No fim da audiência, na escadaria do TJMG, ela segurou um cartaz com a frase “Não ao despejo” e, ao lado de amigos e defensores da integridade do quilombo, e contra a reintegração de posse, gritou: “Com luta, com fé! Quilombo fica em pé!”. Num documento distribuído, a comunidade explicou que “os autores da reintegração de posse são herdeiros de Arthur Ramos, comprador da ex-colônia Américo Werneck”.

E mais: “Entre 1908 e 1924, a família Ramos vendeu diversos terrenos, incluindo o do senhor Petronillo. Mas, em 1925, foi registrada a posse, em cartório, da metragem total adquirida em 1905. Por essa manobra, Petronillo não pôde obter o registro do seu terreno, embora acreditasse estar assegurado com o contrato de compra e venda do imóvel de sua família. Já em 1970, os herdeiros de Arthur Ramos iniciaram a ação demarcatória contra vários réus, incluindo o quilombo da Vila Teixeira e o Clube Oásis. “Para nós, estava tudo certo, até que, no ano passado, fomos notificados sobre o despejo”, disse Gláucia.

DE ACORDO Representante dos herdeiros, a advogada Wanessa Amaral assinou o acordo e explicou que o objetivo, desde o início, é conciliar, encontrar uma solução, tendo em vista os 50 anos do processo na Justiça. “Vamos falar com nossos clientes sobre a oferta da prefeitura de pagamento pela área e pedir que eles analisem. Trata-se de uma família criada em Santa Tereza e informamos que não se trata de especulação imobiliária”. Wanessa disse ainda que, na área total de 2,9 mil metros quadrados, já foi fechado um acordo, já em fase de finalização, com o Clube Oásis.
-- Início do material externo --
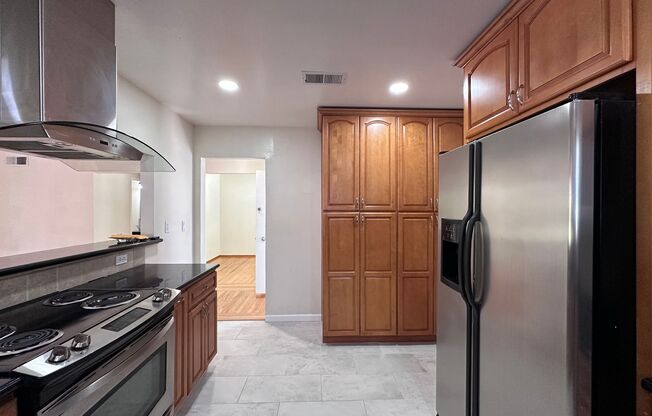Stunning 3/2 Cambrian / Los Gatos border, Remodeled Interior, Spacious Backyard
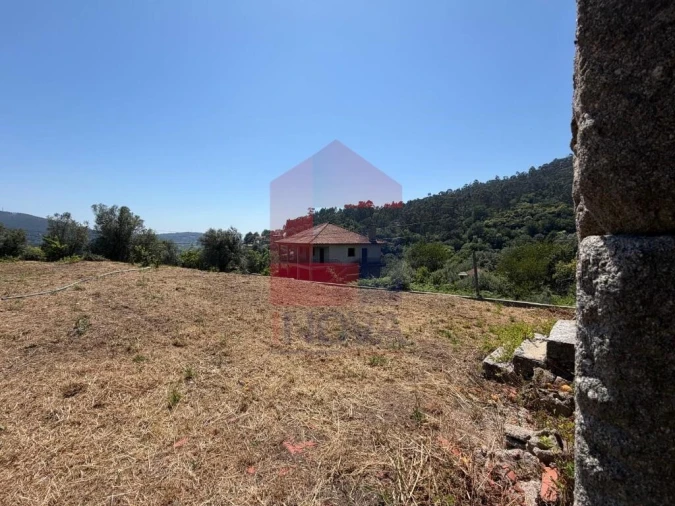 Moradia T2 para Venda em Pico de Regalados, Gondiães e Mós Foto 24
O juiz Fernando Lamego Sleumer destacou, ao fim da audiência, que o despejo marcado para depois de amanhã está suspenso e reiterou as ações administrativas por parte da prefeitura, incluindo o tombamento da área de quilombo e direito do potencial construtivo. Até a definição final, no prazo estipulado de 100 dias a partir de ontem, a comunidade vai continuar no chamado Quilombo da Família Souza.